At multiple time points post-implantation up to 2 years, in our clinic or patient's homes, cortical and subcortical signals will be recorded. Data will be collected while patient are resting or engaged in symptom provocation tasks, emotional/cognitive tasks while cortical stimulation is on and off. In addition to brain signal recordings, symptoms will be assessed using validated questionnaires and tasks to allow identification of neurophysiological correlates of OCD symptoms.
Description
The investigators propose to perform electrophysiological investigations into the corticostriatal circuits mediating severe, refractory obsessive compulsive disorder (OCD) through chronic intracranial recordings and stimulation. This new study will utilize the Medtronic Percept, which is currently is approved for treating OCD under the Humanitarian Device Exemption (HDE).
In addition to their standard therapeutic DBS electrode(s) in the standard subcortical targets (anterior limb of the internal capsule- ALIC), patients enrolled in this study will have a second pair of leads placed in either the prefrontal cortex (PFC) or anterior cingulate cortex (ACC) bilaterally as well the surrounding white matter tracts for a total of 4 DBS leads.
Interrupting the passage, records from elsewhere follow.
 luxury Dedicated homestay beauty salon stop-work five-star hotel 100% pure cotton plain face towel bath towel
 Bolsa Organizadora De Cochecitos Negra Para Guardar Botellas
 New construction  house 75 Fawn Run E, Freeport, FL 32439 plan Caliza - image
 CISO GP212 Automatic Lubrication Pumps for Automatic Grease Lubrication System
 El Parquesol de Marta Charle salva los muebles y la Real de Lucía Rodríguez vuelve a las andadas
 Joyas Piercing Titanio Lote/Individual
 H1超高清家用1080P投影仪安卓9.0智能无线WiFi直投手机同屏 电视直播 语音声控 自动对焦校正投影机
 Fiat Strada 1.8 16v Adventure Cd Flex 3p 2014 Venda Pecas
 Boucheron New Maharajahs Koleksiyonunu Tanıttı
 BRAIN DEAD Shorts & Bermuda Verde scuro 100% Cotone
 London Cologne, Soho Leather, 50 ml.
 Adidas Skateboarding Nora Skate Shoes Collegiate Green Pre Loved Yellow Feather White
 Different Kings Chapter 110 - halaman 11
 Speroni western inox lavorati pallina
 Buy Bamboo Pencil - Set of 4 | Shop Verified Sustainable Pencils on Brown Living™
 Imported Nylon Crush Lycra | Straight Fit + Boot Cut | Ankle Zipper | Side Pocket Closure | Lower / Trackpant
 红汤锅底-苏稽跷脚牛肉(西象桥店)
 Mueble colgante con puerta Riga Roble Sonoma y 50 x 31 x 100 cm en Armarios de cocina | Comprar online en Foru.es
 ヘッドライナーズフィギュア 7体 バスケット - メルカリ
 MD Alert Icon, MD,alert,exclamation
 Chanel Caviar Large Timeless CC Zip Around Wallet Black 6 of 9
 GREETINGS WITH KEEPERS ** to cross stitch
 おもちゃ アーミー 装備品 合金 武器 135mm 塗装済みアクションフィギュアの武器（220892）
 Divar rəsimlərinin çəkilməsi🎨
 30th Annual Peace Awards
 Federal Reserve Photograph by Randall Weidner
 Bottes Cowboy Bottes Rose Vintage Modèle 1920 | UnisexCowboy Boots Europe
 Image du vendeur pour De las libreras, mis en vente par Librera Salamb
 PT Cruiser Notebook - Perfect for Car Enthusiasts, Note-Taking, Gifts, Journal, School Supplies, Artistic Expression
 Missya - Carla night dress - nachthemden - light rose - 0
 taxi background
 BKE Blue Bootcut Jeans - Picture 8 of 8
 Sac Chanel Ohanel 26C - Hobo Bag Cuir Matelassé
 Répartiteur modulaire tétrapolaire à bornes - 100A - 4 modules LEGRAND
After electrode implantations, patient will undergo 2 phases:
In phase 1 (day 1 - 12 months), the aim will be to identify a biomarker of OCD-related symptoms. Patient will undergo long-term monitoring of their OCD and related psychiatric symptoms along with recordings of cortical and subcortical local field potentials (LFPs). This phase will be conducted in both the outpatient office setting and patient's home environment.
In phase 2 (13 months - 2 years), the investigators will introduce cortical stimulation at either the PFC or ACC/cingulum in addition to stimulation at the ALIC. The investigators will continue to obtain brain recordings and ratings during this period of time to identify the impact of cortical stimulation on these signals.
Eligibility
Inclusion Criteria:
- Ability to give informed consent for the study
- Age 22-75
- Clinical diagnosis of OCD
- Documented duration of OCD of at least 5 years
- OCD rated as severe or extreme illness (YBOCs ≥ 28)
- Has failed to improve following treatment with at least two selective serotonin reuptake inhibitors (SSRIs), clomipramine, and augmentation with antipsychotics
- Has not responded to adequate trials of cognitive behavior therapy (exposure and response prevention)
- Has not responded adequately to TMS treatment for OCD if it is reasonably available to the patient
Exclusion Criteria:
- Has hoarding as a primary subclassification of OCD according to DSM-4
- Has another severe psychiatric disorder (personality disorder, psychotic/bipolar disorder, etc) or substance abuse issues
- Is pregnant
- Has an abnormal MRI assessed by the team or has a neurological condition requiring an MRI in the future
- Has a cognitive disorder or dementia
- Is at imminent risk for suicide based upon Suicide Severity Rating Scale (SSRS) or has ever attempted suicide
- Inability to comply with study follow-up visits
- Major comorbidity increasing the risk of surgery (prior stroke, severe hypertension, severe diabetes, or need for chronic anticoagulation other than aspirin)
- Allergies or known hypersensitivity to materials in the Activa systems (i.e. titanium, polyurethane, silicone, polyethermide, stainless steel).
- Previous cranial ablative or deep brain stimulation surgery.
- Patients may be excluded from enrollment due to a condition that, in the judgement of the PI, significantly increases risk or reduces significantly the likelihood of benefit from DBS.